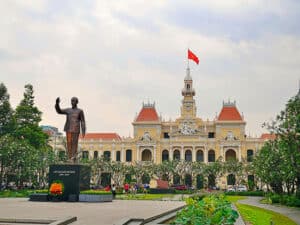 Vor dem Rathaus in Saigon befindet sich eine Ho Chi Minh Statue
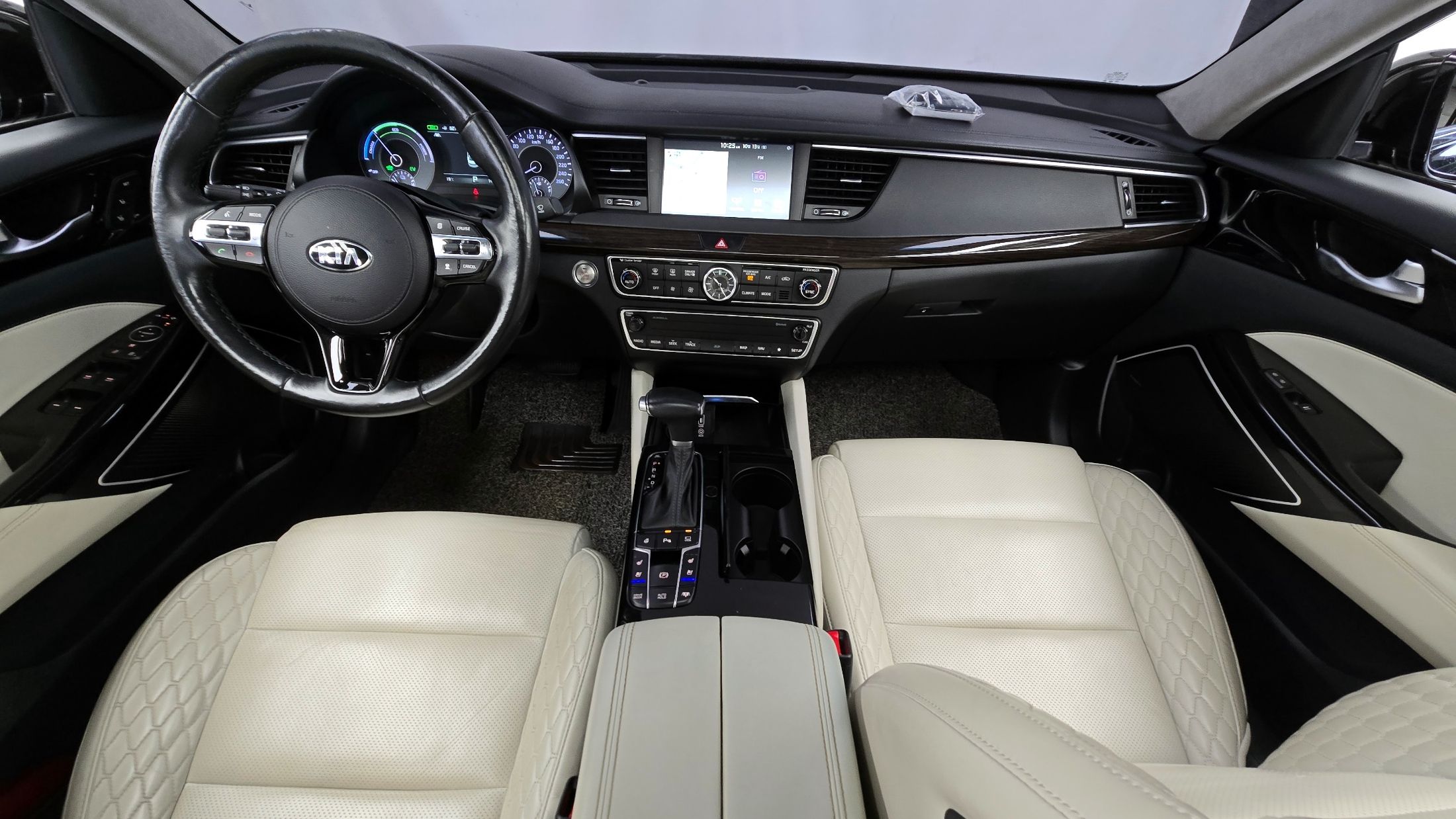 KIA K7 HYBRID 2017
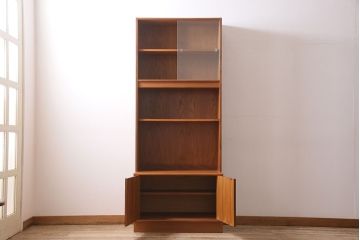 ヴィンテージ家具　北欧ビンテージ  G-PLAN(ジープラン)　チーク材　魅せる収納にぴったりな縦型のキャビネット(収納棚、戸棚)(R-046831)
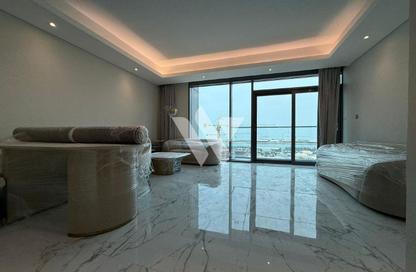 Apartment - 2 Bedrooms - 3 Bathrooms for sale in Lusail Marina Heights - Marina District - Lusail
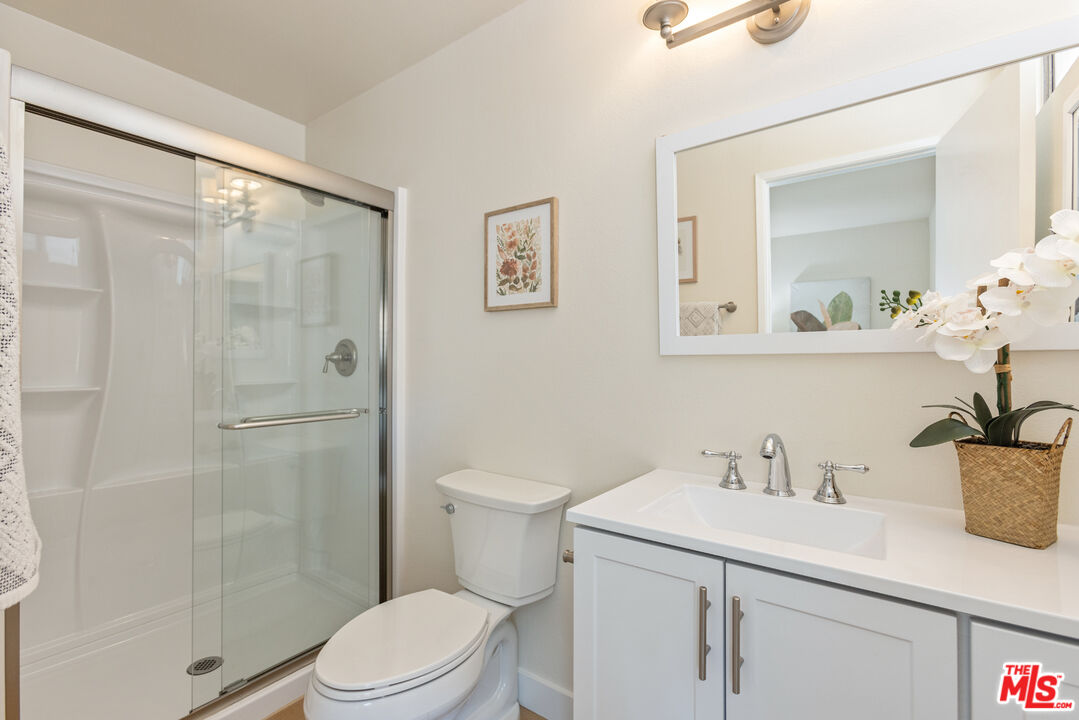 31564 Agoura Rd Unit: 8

**Exercise details:**
Please return only the lines running from the line with "Apartment - 2" to the final line of the data, both included, exactly and without any pictures.

**Response for this exercise:**
 Apartment - 2 Bedrooms - 3 Bathrooms for sale in Lusail Marina Heights - Marina District - Lusail
 31564 Agoura Rd Unit: 8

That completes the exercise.